◆ **WHAT YOU ARE ASKED TO DO**: Return all the lines below exactly. Any picture among them is omitted.
--- SOURCE DATA Enclosed Below ---
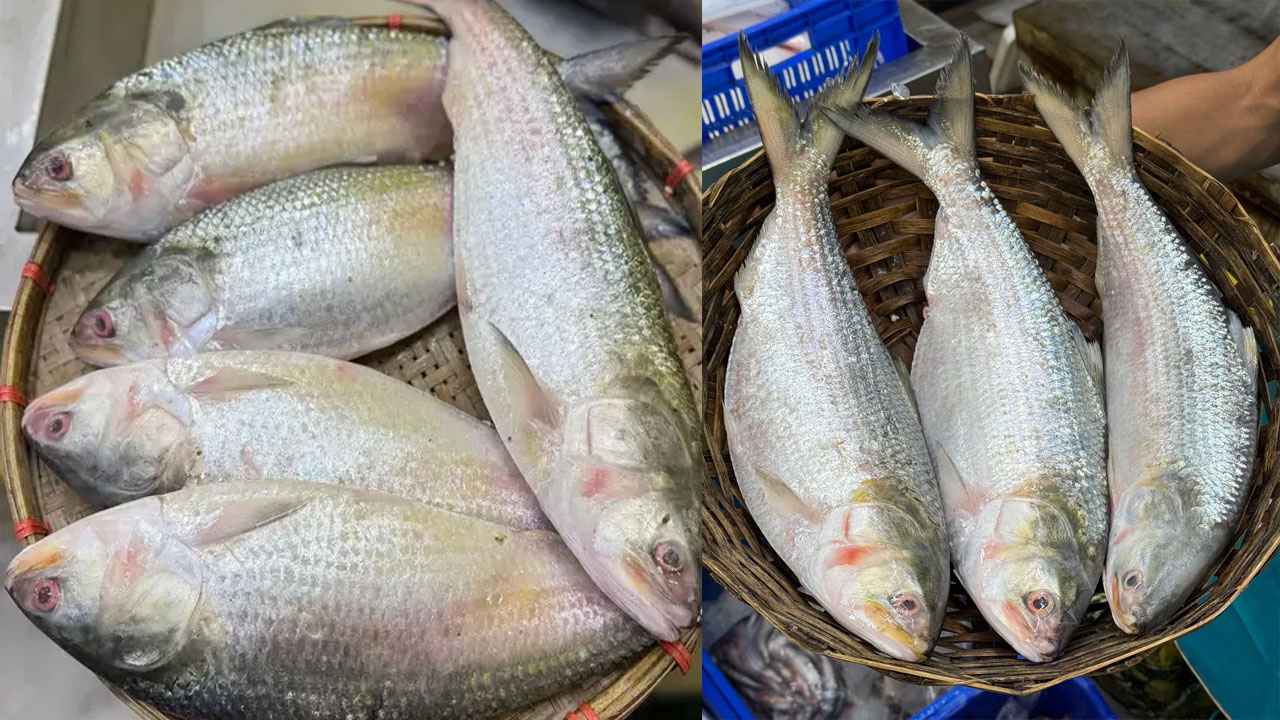 ছবি সংগৃহিত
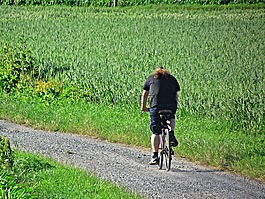 自行車,男性,字段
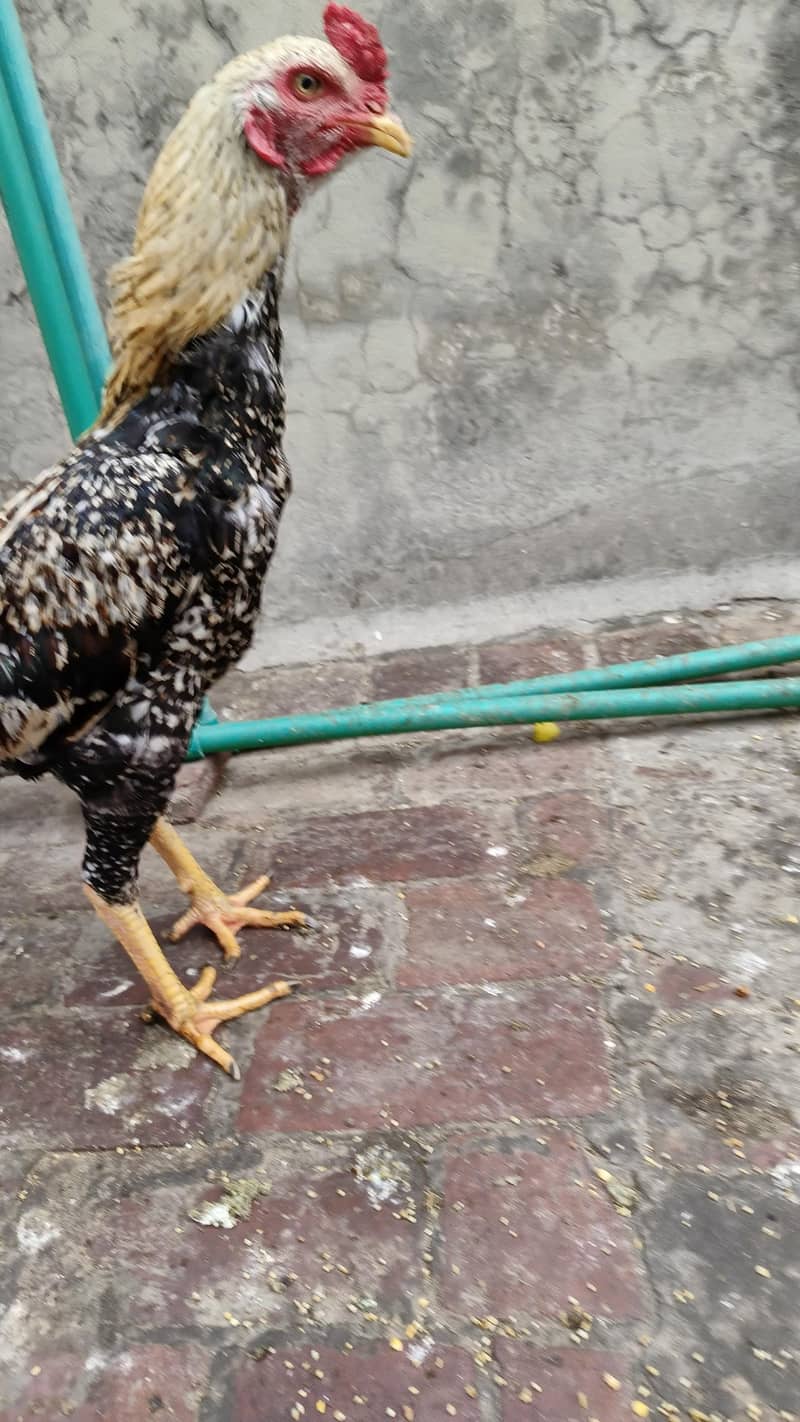 Aseel murga patha for sale good hight

                                                            alt=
--- End of Enclosed SOURCE DATA ---
◆ **RESPONSE FOR THIS EXERCISE**:
 ছবি সংগৃহিত
 自行車,男性,字段
 Aseel murga patha for sale good hight

                                                            alt=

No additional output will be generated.